* What is needed
Skip all pictures. Write out the data below from its first line through the line that contains "Six Fifty Milano".

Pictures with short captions
******
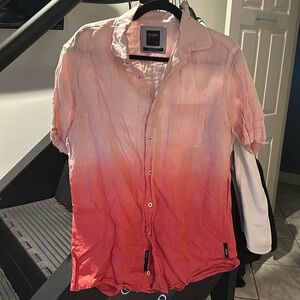 PINk Mens Beach & Haiwaian Dress/Casual Hanging out beach M short sleeve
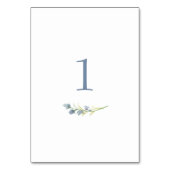 ペリウィンクル水彩フローラステムテーブルカード テーブルナンバー (正面)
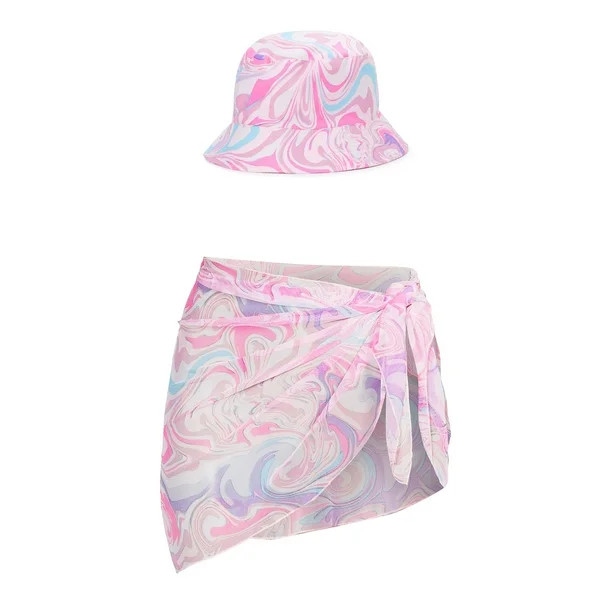 No Boundaries Juniors' Swirl Print Bucket Hat and Sarong Set, 2-Piece | Walmart (US)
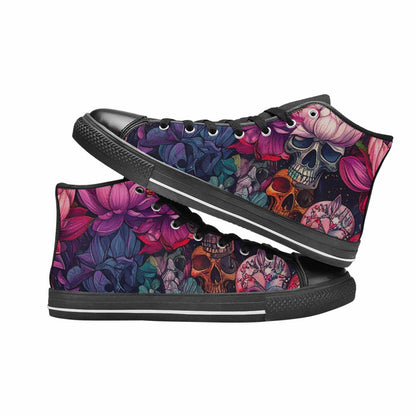 WOMEN'S Lotus Skulls High Top Canvas Cottagecore Sneakers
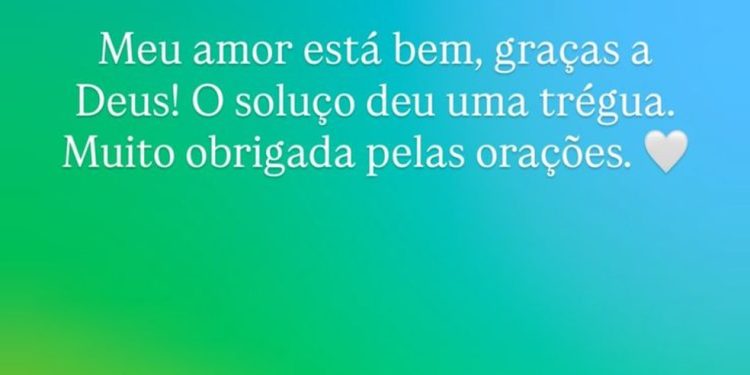 Michelle avisa que crise de soluços de Bolsonaro "deu trégua" em post nos stories do Instagram — Foto: Reprodução/Redes sociais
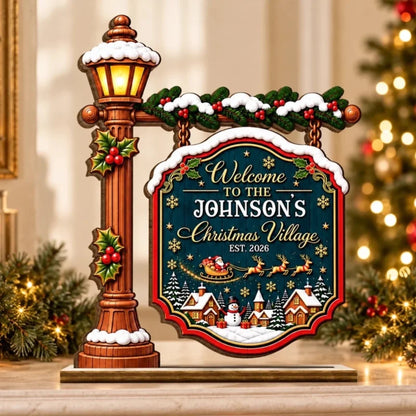 Custom Name Christmas Village Two Layer Wooden Plaque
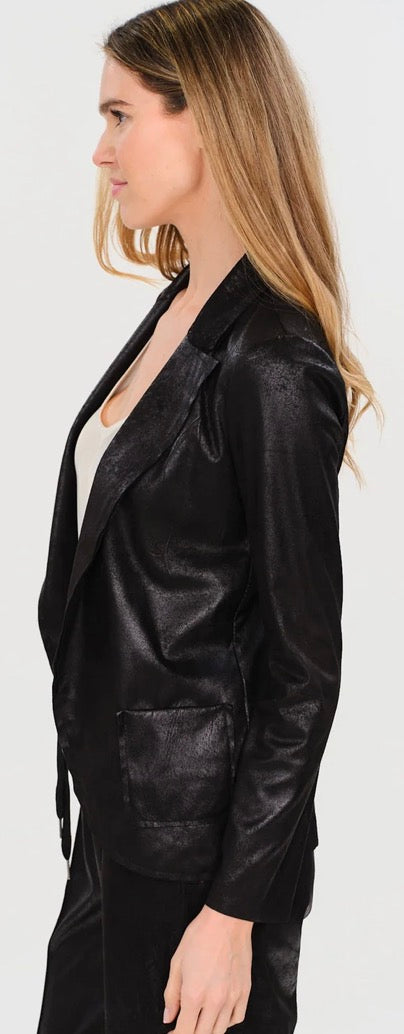 Six Fifty Milano Muse black leather look blazer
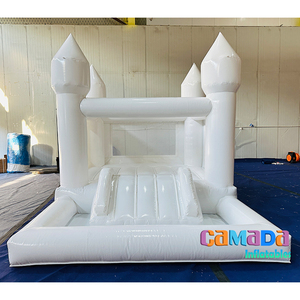 Château gonflable commercial en PVC blanc pour adultes et enfants, château gonflable pour mariage, kits de réparation inclus, toboggan de château gonflable - Product Image 5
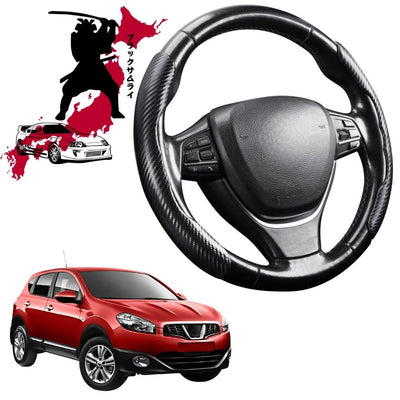 Black Samurai Segmented Steering Wheel Cover for Nissan Dualis 2007 - 2014 J10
******
* Written reply
 PINk Mens Beach & Haiwaian Dress/Casual Hanging out beach M short sleeve
 ペリウィンクル水彩フローラステムテーブルカード テーブルナンバー (正面)
 No Boundaries Juniors' Swirl Print Bucket Hat and Sarong Set, 2-Piece | Walmart (US)
 WOMEN'S Lotus Skulls High Top Canvas Cottagecore Sneakers
 Michelle avisa que crise de soluços de Bolsonaro "deu trégua" em post nos stories do Instagram — Foto: Reprodução/Redes sociais
 Custom Name Christmas Village Two Layer Wooden Plaque
 Six Fifty Milano Muse black leather look blazer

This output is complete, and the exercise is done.